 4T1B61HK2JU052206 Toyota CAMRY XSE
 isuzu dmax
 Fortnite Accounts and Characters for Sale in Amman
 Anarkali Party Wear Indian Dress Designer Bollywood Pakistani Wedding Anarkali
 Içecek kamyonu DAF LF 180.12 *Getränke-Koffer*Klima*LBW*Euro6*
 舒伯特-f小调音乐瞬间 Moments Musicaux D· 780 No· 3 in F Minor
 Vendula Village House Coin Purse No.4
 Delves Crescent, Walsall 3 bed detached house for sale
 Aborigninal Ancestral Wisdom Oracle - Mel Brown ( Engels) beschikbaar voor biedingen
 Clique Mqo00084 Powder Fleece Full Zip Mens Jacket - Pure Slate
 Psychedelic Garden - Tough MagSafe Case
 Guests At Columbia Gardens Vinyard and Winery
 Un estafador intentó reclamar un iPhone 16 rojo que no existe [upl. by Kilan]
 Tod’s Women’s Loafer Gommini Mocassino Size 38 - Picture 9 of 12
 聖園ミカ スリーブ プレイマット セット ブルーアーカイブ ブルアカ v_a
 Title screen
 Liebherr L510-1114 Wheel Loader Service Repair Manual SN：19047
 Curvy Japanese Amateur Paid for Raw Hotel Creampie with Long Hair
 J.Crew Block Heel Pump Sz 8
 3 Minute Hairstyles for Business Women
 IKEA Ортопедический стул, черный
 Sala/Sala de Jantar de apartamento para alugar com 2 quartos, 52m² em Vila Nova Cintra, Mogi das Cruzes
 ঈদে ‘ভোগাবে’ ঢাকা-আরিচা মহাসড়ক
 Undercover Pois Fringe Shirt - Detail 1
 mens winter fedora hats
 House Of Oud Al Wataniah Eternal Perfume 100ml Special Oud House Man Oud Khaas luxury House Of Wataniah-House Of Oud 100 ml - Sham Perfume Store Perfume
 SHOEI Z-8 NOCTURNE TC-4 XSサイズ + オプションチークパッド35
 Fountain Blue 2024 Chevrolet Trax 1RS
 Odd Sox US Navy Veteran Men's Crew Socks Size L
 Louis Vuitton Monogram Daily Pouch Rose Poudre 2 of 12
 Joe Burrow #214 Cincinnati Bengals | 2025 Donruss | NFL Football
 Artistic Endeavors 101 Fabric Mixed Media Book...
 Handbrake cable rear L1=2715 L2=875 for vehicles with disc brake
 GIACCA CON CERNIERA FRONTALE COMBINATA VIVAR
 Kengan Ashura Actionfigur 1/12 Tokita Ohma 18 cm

----

* **The problem**: Write out every record exactly as it appears above.

* **Expected answer**:
 4T1B61HK2JU052206 Toyota CAMRY XSE
 isuzu dmax
 Fortnite Accounts and Characters for Sale in Amman
 Anarkali Party Wear Indian Dress Designer Bollywood Pakistani Wedding Anarkali
 Içecek kamyonu DAF LF 180.12 *Getränke-Koffer*Klima*LBW*Euro6*
 舒伯特-f小调音乐瞬间 Moments Musicaux D· 780 No· 3 in F Minor
 Vendula Village House Coin Purse No.4
 Delves Crescent, Walsall 3 bed detached house for sale
 Aborigninal Ancestral Wisdom Oracle - Mel Brown ( Engels) beschikbaar voor biedingen
 Clique Mqo00084 Powder Fleece Full Zip Mens Jacket - Pure Slate
 Psychedelic Garden - Tough MagSafe Case
 Guests At Columbia Gardens Vinyard and Winery
 Un estafador intentó reclamar un iPhone 16 rojo que no existe [upl. by Kilan]
 Tod’s Women’s Loafer Gommini Mocassino Size 38 - Picture 9 of 12
 聖園ミカ スリーブ プレイマット セット ブルーアーカイブ ブルアカ v_a
 Title screen
 Liebherr L510-1114 Wheel Loader Service Repair Manual SN：19047
 Curvy Japanese Amateur Paid for Raw Hotel Creampie with Long Hair
 J.Crew Block Heel Pump Sz 8
 3 Minute Hairstyles for Business Women
 IKEA Ортопедический стул, черный
 Sala/Sala de Jantar de apartamento para alugar com 2 quartos, 52m² em Vila Nova Cintra, Mogi das Cruzes
 ঈদে ‘ভোগাবে’ ঢাকা-আরিচা মহাসড়ক
 Undercover Pois Fringe Shirt - Detail 1
 mens winter fedora hats
 House Of Oud Al Wataniah Eternal Perfume 100ml Special Oud House Man Oud Khaas luxury House Of Wataniah-House Of Oud 100 ml - Sham Perfume Store Perfume
 SHOEI Z-8 NOCTURNE TC-4 XSサイズ + オプションチークパッド35
 Fountain Blue 2024 Chevrolet Trax 1RS
 Odd Sox US Navy Veteran Men's Crew Socks Size L
 Louis Vuitton Monogram Daily Pouch Rose Poudre 2 of 12
 Joe Burrow #214 Cincinnati Bengals | 2025 Donruss | NFL Football
 Artistic Endeavors 101 Fabric Mixed Media Book...
 Handbrake cable rear L1=2715 L2=875 for vehicles with disc brake
 GIACCA CON CERNIERA FRONTALE COMBINATA VIVAR
 Kengan Ashura Actionfigur 1/12 Tokita Ohma 18 cm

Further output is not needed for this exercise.